The problem: Copy every line that contains the string "Hyundai" from the entries below.

Material provided:
──────

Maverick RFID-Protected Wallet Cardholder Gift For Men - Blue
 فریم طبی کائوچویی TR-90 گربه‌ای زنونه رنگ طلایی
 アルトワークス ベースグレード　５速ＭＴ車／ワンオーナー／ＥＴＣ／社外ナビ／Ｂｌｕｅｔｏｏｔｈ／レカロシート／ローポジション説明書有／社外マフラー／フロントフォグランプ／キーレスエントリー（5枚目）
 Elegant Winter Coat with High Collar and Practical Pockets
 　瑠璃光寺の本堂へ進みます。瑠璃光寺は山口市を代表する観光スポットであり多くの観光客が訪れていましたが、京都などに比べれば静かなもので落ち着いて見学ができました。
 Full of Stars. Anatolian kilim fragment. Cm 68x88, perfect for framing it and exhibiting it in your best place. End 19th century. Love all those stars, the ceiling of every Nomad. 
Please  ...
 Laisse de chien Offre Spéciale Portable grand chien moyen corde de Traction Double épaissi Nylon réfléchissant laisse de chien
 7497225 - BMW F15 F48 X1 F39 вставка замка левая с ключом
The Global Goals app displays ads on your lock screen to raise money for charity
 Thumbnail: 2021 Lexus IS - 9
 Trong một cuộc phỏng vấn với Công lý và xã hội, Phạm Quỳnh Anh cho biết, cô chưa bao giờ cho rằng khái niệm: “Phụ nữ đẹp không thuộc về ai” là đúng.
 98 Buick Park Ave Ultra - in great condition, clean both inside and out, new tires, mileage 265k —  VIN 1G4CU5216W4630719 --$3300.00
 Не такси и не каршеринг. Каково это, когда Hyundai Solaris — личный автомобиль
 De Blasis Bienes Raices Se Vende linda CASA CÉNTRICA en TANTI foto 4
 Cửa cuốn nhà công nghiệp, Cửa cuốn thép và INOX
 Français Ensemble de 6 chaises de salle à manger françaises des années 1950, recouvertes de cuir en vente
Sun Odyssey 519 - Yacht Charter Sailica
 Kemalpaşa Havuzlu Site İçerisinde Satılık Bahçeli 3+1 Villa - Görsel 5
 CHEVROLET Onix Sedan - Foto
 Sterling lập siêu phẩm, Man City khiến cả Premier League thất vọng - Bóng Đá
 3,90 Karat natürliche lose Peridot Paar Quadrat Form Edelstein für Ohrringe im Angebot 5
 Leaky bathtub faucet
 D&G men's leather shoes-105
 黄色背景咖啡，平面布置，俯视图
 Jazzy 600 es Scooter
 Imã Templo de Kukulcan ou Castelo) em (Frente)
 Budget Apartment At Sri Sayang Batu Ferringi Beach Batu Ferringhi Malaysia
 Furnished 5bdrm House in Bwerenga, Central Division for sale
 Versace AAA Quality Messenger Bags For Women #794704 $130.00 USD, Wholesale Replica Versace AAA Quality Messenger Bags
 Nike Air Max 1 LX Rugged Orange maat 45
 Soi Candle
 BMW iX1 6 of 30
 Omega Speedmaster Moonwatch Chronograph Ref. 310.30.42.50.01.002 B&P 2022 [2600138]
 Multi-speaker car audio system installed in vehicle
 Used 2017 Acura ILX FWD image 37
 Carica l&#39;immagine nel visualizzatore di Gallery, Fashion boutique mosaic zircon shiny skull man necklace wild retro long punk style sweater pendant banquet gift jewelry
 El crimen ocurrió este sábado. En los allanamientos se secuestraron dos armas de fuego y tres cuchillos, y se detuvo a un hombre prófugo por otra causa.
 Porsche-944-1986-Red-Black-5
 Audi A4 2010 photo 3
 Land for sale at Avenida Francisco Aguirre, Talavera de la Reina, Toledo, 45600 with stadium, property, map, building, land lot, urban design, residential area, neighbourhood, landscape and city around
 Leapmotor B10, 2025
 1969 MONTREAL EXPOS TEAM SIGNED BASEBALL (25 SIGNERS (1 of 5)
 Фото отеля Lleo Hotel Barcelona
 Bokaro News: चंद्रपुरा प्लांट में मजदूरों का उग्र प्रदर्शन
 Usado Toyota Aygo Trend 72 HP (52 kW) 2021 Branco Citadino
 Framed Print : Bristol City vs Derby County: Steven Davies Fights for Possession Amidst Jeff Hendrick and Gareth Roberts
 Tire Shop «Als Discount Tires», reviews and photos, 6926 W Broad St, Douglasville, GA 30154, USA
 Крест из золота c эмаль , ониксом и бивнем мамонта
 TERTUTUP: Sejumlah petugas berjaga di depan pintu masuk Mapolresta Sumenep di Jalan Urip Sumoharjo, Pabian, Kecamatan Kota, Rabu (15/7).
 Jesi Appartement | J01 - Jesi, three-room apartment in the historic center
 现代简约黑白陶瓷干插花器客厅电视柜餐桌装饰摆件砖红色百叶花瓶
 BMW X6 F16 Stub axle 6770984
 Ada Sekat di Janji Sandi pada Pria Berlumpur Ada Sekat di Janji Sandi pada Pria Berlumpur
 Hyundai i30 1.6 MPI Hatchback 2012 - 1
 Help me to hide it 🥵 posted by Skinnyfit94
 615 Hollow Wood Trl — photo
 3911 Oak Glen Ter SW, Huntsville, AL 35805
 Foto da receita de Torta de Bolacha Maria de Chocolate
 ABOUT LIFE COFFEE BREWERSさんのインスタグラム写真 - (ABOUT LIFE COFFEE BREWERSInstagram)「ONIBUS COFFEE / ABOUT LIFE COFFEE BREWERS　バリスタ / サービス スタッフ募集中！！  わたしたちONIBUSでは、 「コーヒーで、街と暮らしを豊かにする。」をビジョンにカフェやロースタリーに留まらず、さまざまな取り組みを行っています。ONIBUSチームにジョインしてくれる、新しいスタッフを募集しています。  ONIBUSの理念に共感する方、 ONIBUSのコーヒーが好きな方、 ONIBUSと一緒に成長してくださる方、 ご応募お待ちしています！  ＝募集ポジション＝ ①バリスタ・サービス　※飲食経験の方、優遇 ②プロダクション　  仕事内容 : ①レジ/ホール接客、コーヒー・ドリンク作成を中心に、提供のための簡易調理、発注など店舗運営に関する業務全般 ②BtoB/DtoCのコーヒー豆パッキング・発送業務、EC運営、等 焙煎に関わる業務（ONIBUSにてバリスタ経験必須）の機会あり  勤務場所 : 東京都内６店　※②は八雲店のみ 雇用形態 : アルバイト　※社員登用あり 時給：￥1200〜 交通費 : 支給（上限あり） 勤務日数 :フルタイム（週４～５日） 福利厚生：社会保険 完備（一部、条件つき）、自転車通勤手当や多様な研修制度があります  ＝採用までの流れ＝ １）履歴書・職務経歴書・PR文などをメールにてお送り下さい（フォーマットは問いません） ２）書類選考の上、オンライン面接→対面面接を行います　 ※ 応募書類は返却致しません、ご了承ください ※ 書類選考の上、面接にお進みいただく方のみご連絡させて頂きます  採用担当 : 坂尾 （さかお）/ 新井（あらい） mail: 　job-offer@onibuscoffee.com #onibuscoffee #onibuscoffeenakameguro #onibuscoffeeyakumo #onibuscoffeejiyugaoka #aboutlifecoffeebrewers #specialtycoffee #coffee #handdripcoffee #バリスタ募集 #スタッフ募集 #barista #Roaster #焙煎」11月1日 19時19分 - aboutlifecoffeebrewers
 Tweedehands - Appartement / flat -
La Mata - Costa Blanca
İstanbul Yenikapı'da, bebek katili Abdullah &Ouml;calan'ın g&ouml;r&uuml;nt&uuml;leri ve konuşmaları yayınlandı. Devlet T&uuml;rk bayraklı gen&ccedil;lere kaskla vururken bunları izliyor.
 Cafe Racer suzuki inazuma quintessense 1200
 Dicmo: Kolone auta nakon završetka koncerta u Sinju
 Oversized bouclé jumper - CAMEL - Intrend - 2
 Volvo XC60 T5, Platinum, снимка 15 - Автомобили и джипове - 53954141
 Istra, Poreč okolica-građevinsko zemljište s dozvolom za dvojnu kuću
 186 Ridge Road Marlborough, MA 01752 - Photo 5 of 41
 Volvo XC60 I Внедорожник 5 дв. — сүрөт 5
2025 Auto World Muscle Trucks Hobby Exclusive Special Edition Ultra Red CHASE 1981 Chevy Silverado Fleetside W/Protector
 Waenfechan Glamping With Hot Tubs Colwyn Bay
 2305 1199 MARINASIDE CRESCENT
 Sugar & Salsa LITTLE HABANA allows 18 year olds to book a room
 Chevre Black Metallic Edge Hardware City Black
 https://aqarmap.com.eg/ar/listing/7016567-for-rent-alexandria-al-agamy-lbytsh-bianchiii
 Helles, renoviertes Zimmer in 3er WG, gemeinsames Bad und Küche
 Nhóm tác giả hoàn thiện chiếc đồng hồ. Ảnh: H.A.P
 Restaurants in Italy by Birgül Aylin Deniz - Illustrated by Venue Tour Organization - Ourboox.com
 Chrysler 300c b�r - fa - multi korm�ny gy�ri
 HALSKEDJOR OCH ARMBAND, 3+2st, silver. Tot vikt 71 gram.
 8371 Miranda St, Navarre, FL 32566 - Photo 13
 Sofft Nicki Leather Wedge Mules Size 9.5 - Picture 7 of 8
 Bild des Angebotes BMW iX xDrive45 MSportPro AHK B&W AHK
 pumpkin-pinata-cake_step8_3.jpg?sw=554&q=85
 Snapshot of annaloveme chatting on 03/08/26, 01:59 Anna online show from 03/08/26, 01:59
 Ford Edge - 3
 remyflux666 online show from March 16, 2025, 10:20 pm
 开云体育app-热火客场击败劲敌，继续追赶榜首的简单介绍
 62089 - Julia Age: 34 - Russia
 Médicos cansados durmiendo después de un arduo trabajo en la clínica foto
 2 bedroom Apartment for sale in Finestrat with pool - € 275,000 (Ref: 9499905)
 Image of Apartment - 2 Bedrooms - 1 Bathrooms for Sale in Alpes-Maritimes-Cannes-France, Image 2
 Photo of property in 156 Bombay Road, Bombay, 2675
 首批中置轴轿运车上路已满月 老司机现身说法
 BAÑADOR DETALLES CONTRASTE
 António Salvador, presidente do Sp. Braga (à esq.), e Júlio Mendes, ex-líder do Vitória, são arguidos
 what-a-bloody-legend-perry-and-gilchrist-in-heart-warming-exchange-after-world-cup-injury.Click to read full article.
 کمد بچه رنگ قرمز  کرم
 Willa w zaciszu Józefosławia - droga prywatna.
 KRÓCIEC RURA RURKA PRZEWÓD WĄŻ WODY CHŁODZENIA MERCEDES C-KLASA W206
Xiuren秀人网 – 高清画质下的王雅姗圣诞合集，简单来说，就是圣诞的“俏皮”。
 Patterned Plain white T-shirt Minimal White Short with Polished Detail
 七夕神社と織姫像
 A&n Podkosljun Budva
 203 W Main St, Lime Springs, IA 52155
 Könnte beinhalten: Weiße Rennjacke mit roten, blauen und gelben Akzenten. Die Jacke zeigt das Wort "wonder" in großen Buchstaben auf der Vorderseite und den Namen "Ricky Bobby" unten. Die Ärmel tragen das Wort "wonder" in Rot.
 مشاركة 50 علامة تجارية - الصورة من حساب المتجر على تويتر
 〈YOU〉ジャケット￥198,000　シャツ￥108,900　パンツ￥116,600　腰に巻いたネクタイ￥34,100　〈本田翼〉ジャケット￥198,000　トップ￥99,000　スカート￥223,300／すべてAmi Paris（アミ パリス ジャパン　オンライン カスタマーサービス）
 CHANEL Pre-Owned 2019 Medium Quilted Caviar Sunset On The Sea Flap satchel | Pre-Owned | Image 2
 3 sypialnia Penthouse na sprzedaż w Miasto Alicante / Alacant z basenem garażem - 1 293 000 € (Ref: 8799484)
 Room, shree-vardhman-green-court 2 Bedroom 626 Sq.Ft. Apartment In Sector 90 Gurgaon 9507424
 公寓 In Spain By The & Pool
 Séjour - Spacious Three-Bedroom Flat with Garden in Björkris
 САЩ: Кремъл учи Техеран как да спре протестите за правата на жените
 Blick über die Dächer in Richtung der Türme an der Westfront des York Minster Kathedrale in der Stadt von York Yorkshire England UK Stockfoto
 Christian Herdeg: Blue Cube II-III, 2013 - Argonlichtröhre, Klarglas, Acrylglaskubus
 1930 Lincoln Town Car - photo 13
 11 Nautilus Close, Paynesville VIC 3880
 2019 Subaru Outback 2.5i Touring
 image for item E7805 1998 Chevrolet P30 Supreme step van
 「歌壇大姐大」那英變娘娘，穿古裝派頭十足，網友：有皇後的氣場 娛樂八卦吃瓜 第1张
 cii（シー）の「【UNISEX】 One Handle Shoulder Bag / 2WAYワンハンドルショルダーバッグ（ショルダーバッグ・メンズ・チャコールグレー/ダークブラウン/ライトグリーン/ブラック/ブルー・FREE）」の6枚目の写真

──────

Written answer:
 Не такси и не каршеринг. Каково это, когда Hyundai Solaris — личный автомобиль
 Hyundai i30 1.6 MPI Hatchback 2012 - 1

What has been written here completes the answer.